= Beginning of Section =

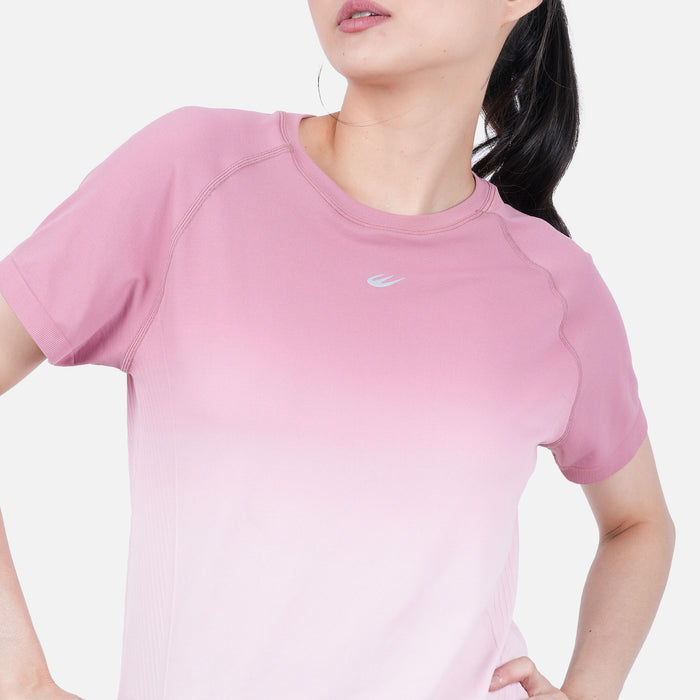 WBL ACTIVE TEE 07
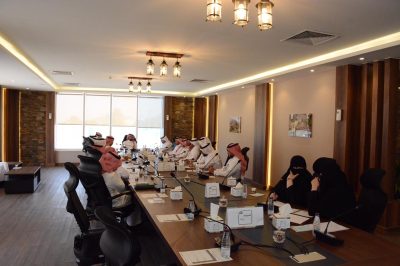 a1153e31 3059 4984 b10c be41e6ac86a6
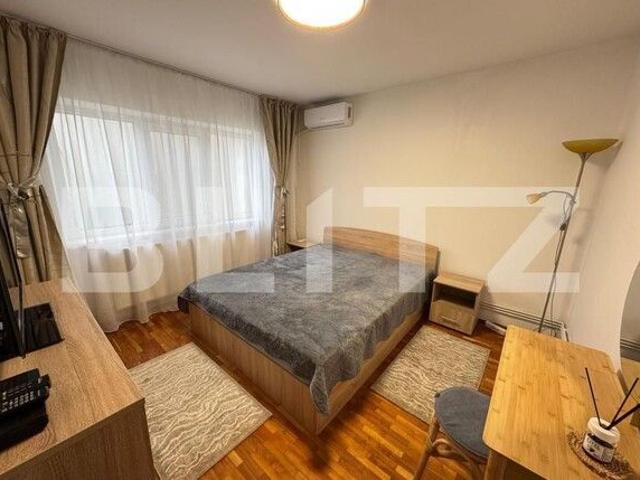 Apartament închirieri în Centru, Craiova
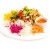 Bo Bun Thaï au poulet, bœuf ou crevettes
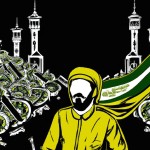 عکسی میخام که گویای تمام اتفاقات انقلاب اسلامی ایران باشه اعم از شخصیت ها مبارزات و راه پیمایی ها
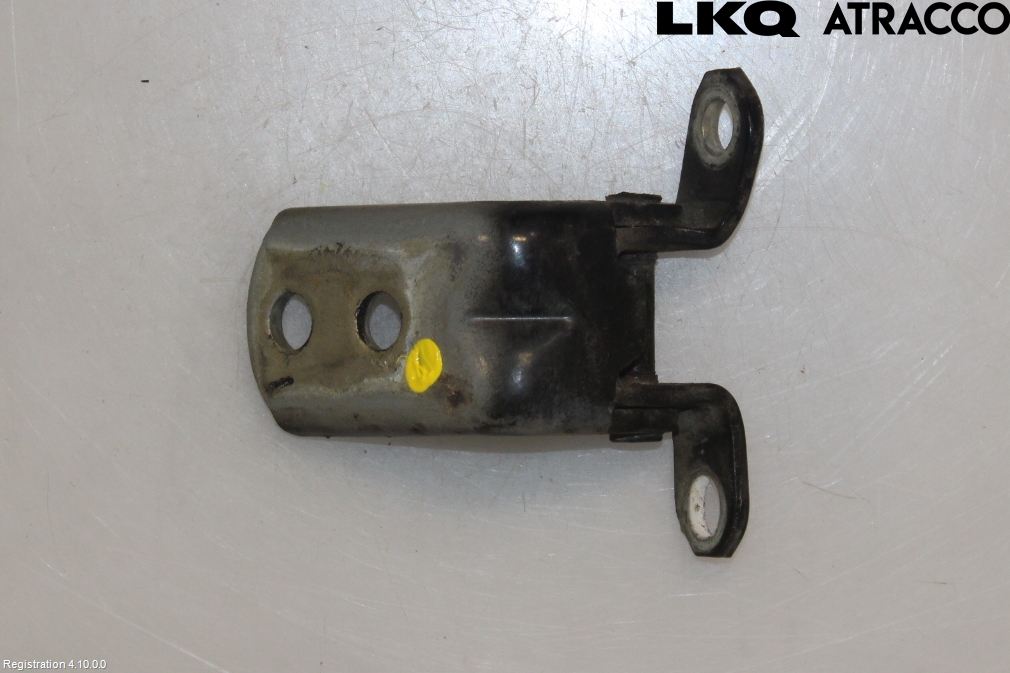 Nissan NOTE E12 14-20 Dörrgångjärn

= End of Section =

**EXERCISE AIM**
Here the lines from the one with "a1153e31 3059 4984 b10c be41e6ac86a6" through the last line of the data above need to be repeated exactly, both included, and any picture omitted.

**EXERCISE RESPONSE**
 a1153e31 3059 4984 b10c be41e6ac86a6
 Apartament închirieri în Centru, Craiova
 Bo Bun Thaï au poulet, bœuf ou crevettes
 عکسی میخام که گویای تمام اتفاقات انقلاب اسلامی ایران باشه اعم از شخصیت ها مبارزات و راه پیمایی ها
 Nissan NOTE E12 14-20 Dörrgångjärn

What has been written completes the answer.